I know, I know…it’s been a while. I have been away, although that usually means I read more books (but, then, perhaps that’s only where chick lit’s concerned). So, Madame Bovary? Yes, I have finally finished it. It’s taken an incredibly long time for a relatively short book and I’m not exactly sure who or what to blame. Yes, I have been rather lax and easily distracted, but simultaneously the book has done little to entice me to pick it up and has failed to sustain my attention when I have done.

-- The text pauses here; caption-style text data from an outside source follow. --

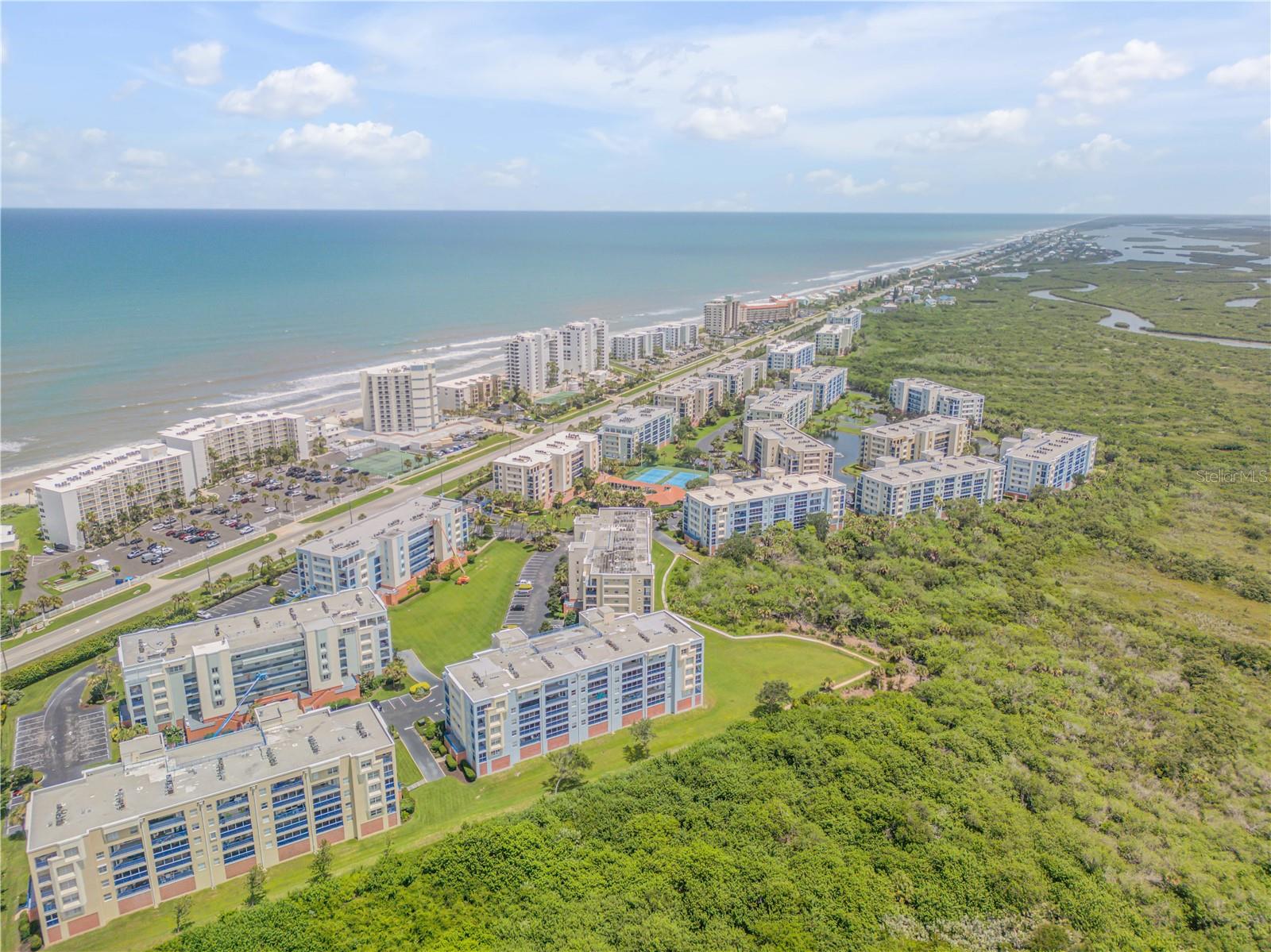 Image 41 of 74 For 5300 Atlantic Avenue 16-205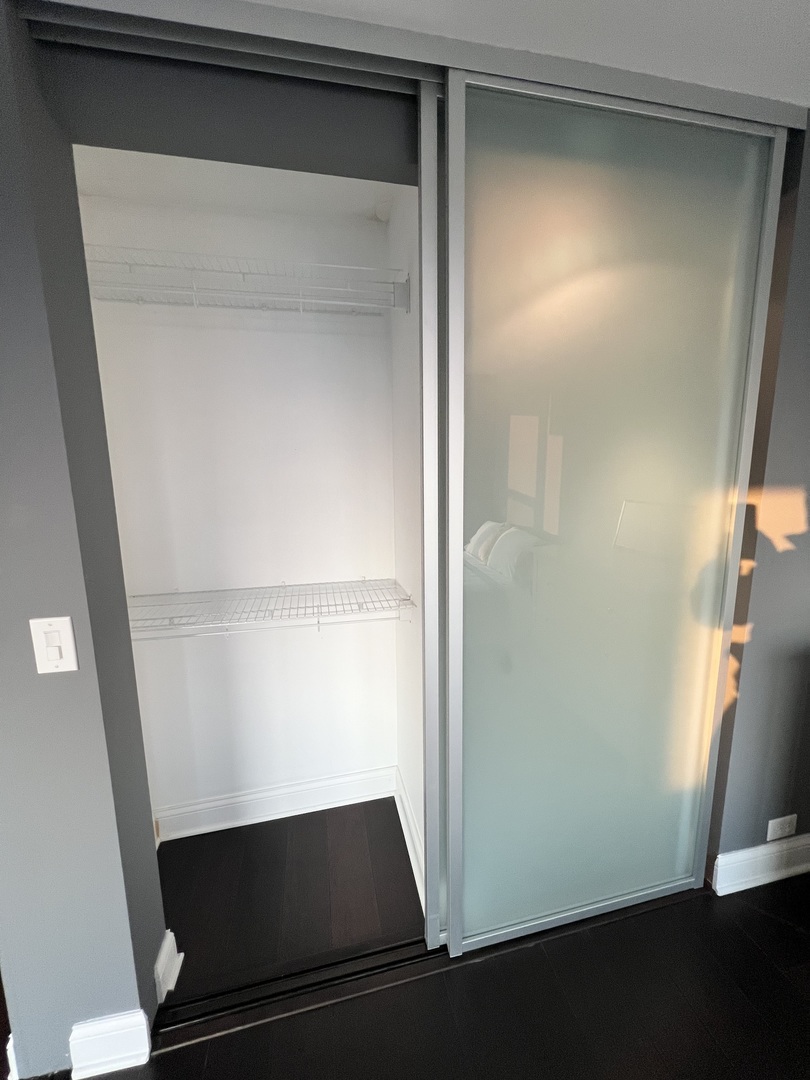 1850 N Clark Street Unit: 2106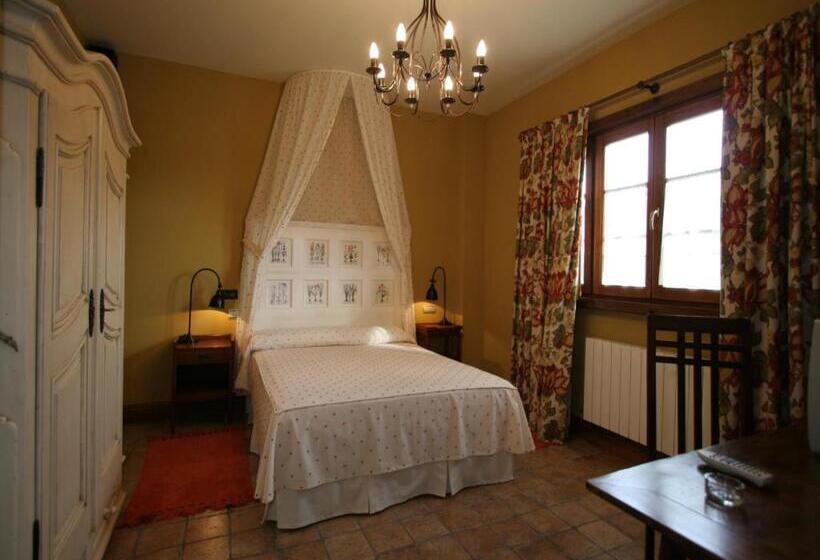 בית מלון כפרי Posada La Robleda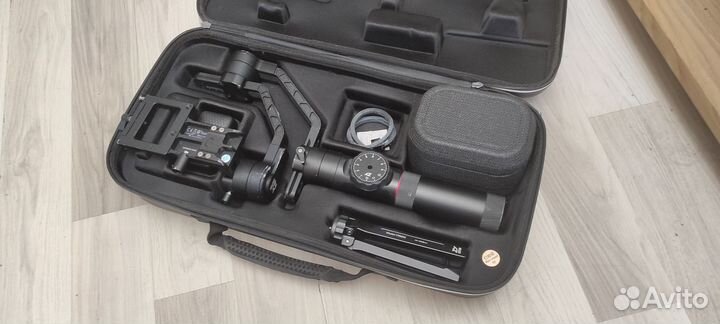Zhiyun crane 2 + follow focus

What is it about ‘classic’ novels that stipulates they only contain characters who are intrinsically boring or bad people? – and sometimes, shock horror, a person who has the unhappy misfortune to be both boring and bad – a very unappealing combination! I thought this was going to be a book with a carefully woven plot which cleverly and perceptively revealed the feelings of a woman who has chosen her husband badly and lived to regret it; and, on paper, I suppose that’s what this story is about, but I was bitterly disappointed by so many aspects of the book that the plot has been rendered unappealing by belonging to the same pages. Madame Bovary is – no, I won’t mince my words – an ignorant, vain, self obsessed monster of a woman. In fact, she gives women, wives and mothers a thoroughly bad name; and she was created by a man, I can’t help thinking that some woman must have made herself very repugnant to Flaubert to make him create such an abomination. She ponces around the small French towns that the story inhabits thinking only of herself – and, believe me, she has an unaccountably ‘puffed up’ opinion of herself, imagining that life has somehow tricked her out of living the life of a Duchess and robbed her of the beautiful, expensive possessions that she so covets – and eventually buys, at the expense of her baby’s booties. No, not even the birth of a healthy, happy daughter can draw this stubbornly selfish woman out of her own self-obsession. Gradually she is overcome with a seething, vengeful anger towards her somewhat simple, but basically honest and good husband. She sneers at him, blames him for not earning more money with which to buy her fine things and flings herself from one extra marital affair to another. I was both infuriated and angered by her in equal measure from the moment she appeared on the page.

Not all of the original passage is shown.